The Celtics just beat the Spurs. They suck at pretty much everything; even tanking.


----------



## nutmeged3 (Apr 11, 2005)

EDIT: Table messed up the page

Still got a game on Milwaukee and we have a game against Boston tonight


----------



## Diable (Apr 26, 2005)

We've dropped from third in the lottery to fifth now and if you look at the standings we might drop even more since everyone in fron of us is deliberately tanking and some of the teams behind us are inadvertantly tanking.

*TEAM______W-L---%----GB*
Memphis***19-57 .250----
Boston ****23-50 .315---5.5
Milwaukee*25-48 .342---7.5
Atlanta*****27-47 .365---9
Charlotte ***29-46 .387--10.5
Philadelphia 29-44 .397---11.5
Portland *** 29-44 .397---11.5
Seattle **** 30-44 .405----12
Sacramento* 30-43 .411---12.5
Minnesota **31-43 .419---13
New York **31-42 .425---13.5


----------



## nutmeged3 (Apr 11, 2005)

Wow, that really shows how bad the East is. If we had 2 more wins we'd be in playoff contention

I wouldn't have wanted us to tank but we're probably not going to get Durant now and it sucks


----------



## Diable (Apr 26, 2005)

If we'd gotten anything close to what Fabio is giving us now all year long we'd probably be in the playoffs.You look at this team and we're just one decent scorer away from being a playoff team in the East.I really wonder how seriously we should take what Walter is doing now.If you believe he can come out next year and produce something close to what he's doing now that has to change your plans for the offseason.I just don't know how much to take from his recent play.If he can repeat something similar to his recent production that makes this team a lot better


----------



## nutmeged3 (Apr 11, 2005)

Fabio's giving us what Morrison should've been producing all year long. If Herrmann keeps this up maybe we see him making one of the All Rookie teams?. He hasn't been putting up these stats for long but he's already had more 20 point games then Morrison I believe. AM has to have dropped out of that race by now


----------



## The Jopker (Sep 14, 2005)

> To be honest I'd rather have the 2nd pick so we don't have to decide between the two and then watch the other succeed.

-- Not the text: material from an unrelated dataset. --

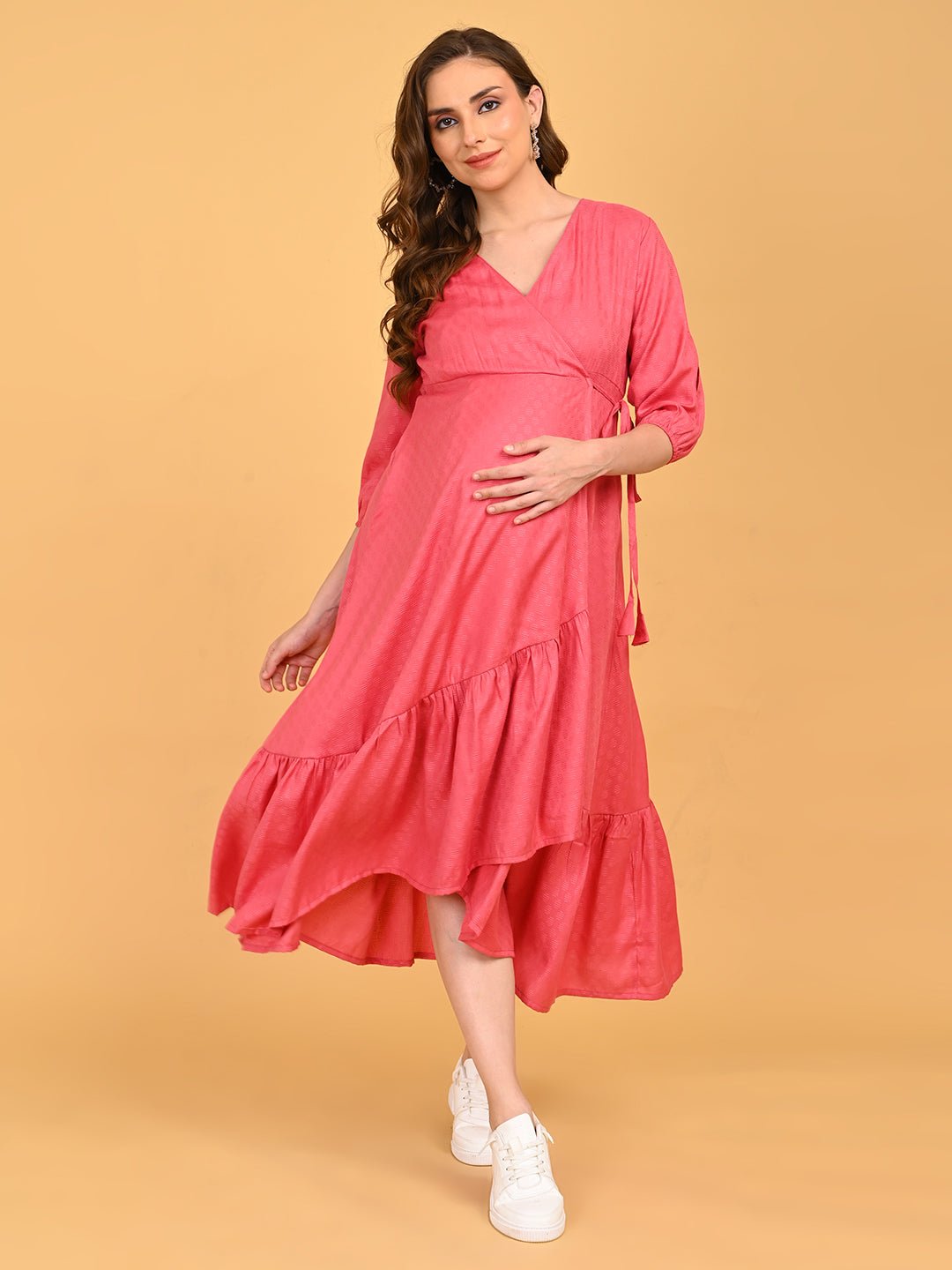 Pink to the Future Maternity Wrap Dress full-length front view styled with white sneakers, showcasing the asymmetrical ruffle hem.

That didn't really work out well last time thought. I mean I love Okafor but Howard would have helped the team a lot more, not to mention just having fewer injury problems.

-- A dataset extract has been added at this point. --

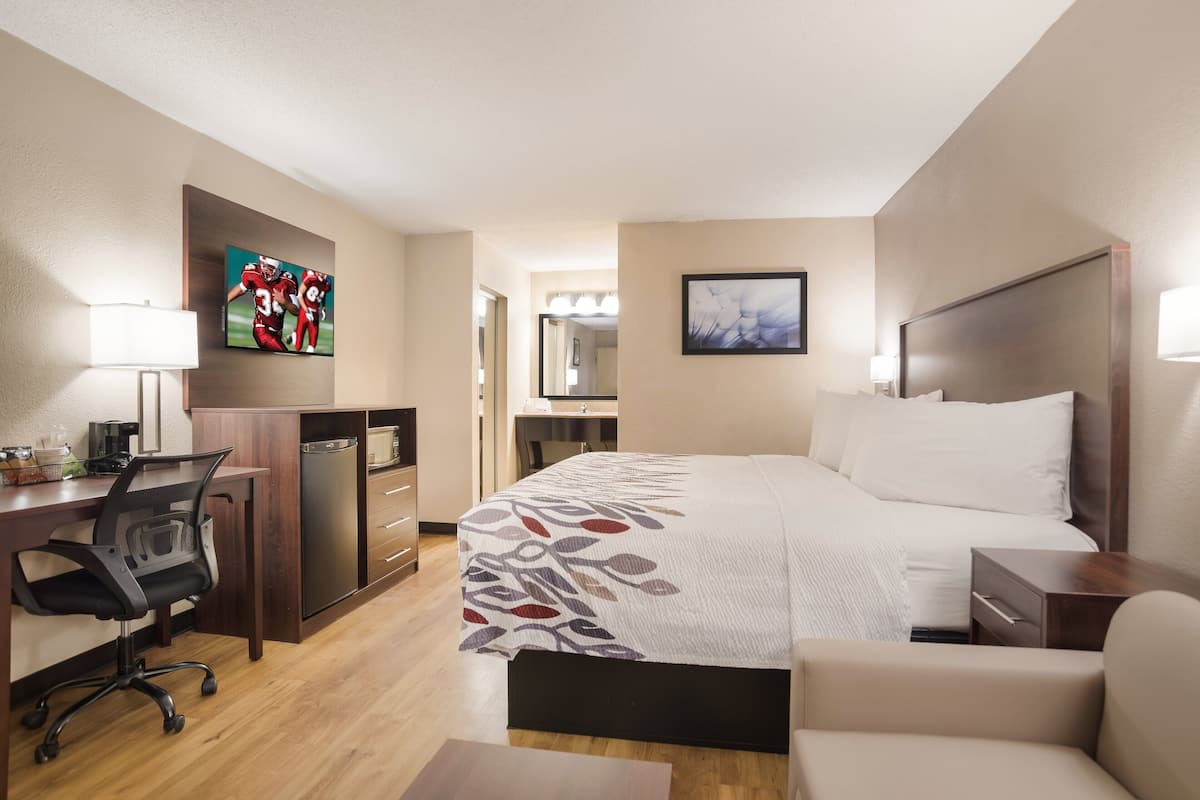 A hotel room with a bed, desk, chair, and a television.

To me, the best case scenario is getting Durant. I'm sure Oden will be a good player, an all star even, but Durant is the type of guy you can win a championship with.


----------



## kamego (Dec 29, 2003)

Just remember teams that have tanked in the past of somehow always ended up not doing well in the lottery  Good old fair randomness so they call it


----------



## nutmeged3 (Apr 11, 2005)

Stole this from another board but looking at lottery teams 5-11 all six are just a couple games apart. Here's the teams remaining schedules

[5] Sonics (31-47)----4 games left: PHX, POR, LAL, DAL
[6] Blazers (31-46)----5 games left: HOU, LAC, SEA, Utah, & GSW
[7] Bobcats (32-47----3 games left: CHI, MIL, NYK
[8] Knicks(Bulls) (32-46)----4 games left: NJN, TOR, NJN, CHA
[9] 76er's (32-45)----5 games left: BOS, ORL, DET, CLE, TOR
[10] T'Wolves (32-45)----5 games left: DAL, SAS, GSW, DEN, MEM
[11] Kings (32-45)----5 games left: SAS, GSW, LAC, NOK, LAL

Could be a lot of movement going on


----------



## nutmeged3 (Apr 11, 2005)

We're now tied with the Knicks going into the last game of the season. Since we are playing them on Wednesday the game decides who gets more/less lottery balls


----------



## SignGuyDino (Apr 30, 2003)

According to that Lottery bot on espn...
http://sports.espn.go.com/nba/lottery2007/mockdraft

IF Charlotte wins we would take DURANT?!


----------



## nutmeged3 (Apr 11, 2005)

SignGuyDino said:


> According to that Lottery bot on espn...
> http://sports.espn.go.com/nba/lottery2007/mockdraft
> 
> IF Charlotte wins we would take DURANT?!


I think we would Jordan seems to like Durant more then Oden and we need a go to scorer more then a defensive big man since we already have one in Okafor



> Here's the final lottery standings. We won the tiebreaker today with the Kings and Knicks
> 
> 1) Memphis (22-60)
> 2) Boston (24-58)
> ...


Worse we can pick now is #11


----------



## Diable (Apr 26, 2005)

You'd hope that the odds are against anyone behind us taking more than one lottery spot.It would be lovely if we could get a magic ping pong ball,but our odds of getting the first or second spot are probably about one in ten.


----------



## step (Sep 19, 2005)

Charlotte and Chicago to get the top 2 picks, Stern has to please me someday!


----------